-------- Information given --------
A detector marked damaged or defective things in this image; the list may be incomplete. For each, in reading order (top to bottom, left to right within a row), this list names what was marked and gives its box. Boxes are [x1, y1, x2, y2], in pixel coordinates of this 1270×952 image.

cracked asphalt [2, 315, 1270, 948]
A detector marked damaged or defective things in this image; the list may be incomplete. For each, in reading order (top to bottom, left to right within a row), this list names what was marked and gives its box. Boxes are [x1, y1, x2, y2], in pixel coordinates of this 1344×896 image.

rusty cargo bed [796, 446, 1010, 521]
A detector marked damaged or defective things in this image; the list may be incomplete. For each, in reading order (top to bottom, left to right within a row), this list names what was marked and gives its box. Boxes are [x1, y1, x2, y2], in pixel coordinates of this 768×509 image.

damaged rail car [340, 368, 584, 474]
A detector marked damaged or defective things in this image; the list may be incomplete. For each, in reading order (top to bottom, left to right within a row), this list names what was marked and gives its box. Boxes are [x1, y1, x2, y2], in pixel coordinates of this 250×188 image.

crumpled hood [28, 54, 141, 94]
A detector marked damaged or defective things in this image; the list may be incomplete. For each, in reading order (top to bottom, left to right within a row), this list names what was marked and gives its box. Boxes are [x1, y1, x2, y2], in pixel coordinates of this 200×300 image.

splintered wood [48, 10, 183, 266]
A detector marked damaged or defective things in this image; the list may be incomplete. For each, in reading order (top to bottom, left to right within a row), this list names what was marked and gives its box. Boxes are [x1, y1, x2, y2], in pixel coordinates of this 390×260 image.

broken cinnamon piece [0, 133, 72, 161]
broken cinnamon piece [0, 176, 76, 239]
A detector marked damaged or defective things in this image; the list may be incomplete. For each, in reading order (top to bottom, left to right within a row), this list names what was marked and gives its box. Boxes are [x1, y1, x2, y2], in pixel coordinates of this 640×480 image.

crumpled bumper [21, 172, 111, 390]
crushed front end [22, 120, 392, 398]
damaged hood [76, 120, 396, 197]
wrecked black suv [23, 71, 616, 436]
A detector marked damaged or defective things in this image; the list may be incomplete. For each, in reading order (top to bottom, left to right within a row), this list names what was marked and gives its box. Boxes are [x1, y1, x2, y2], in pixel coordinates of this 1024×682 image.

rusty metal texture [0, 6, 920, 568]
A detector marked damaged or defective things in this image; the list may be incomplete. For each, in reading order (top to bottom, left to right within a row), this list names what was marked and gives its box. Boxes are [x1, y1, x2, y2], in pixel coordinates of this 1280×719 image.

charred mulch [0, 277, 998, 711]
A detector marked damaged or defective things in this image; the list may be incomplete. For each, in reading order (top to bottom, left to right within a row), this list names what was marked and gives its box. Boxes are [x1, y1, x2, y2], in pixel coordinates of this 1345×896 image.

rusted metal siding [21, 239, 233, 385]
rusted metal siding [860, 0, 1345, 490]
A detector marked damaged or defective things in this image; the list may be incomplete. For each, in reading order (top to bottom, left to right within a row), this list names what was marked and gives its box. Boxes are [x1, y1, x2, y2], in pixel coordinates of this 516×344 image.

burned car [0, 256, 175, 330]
--------
**Activity:**
The lines from the one with "this 1280×719 image." through the end of the data above are to be set down exactly, with both boundary lines included and no other lines.

**Output below:**
A detector marked damaged or defective things in this image; the list may be incomplete. For each, in reading order (top to bottom, left to right within a row), this list names what was marked and gives its box. Boxes are [x1, y1, x2, y2], in pixel coordinates of this 1280×719 image.

charred mulch [0, 277, 998, 711]
A detector marked damaged or defective things in this image; the list may be incomplete. For each, in reading order (top to bottom, left to right within a row), this list names what was marked and gives its box. Boxes are [x1, y1, x2, y2], in pixel coordinates of this 1345×896 image.

rusted metal siding [21, 239, 233, 385]
rusted metal siding [860, 0, 1345, 490]
A detector marked damaged or defective things in this image; the list may be incomplete. For each, in reading order (top to bottom, left to right within a row), this list names what was marked and gives its box. Boxes are [x1, y1, x2, y2], in pixel coordinates of this 516×344 image.

burned car [0, 256, 175, 330]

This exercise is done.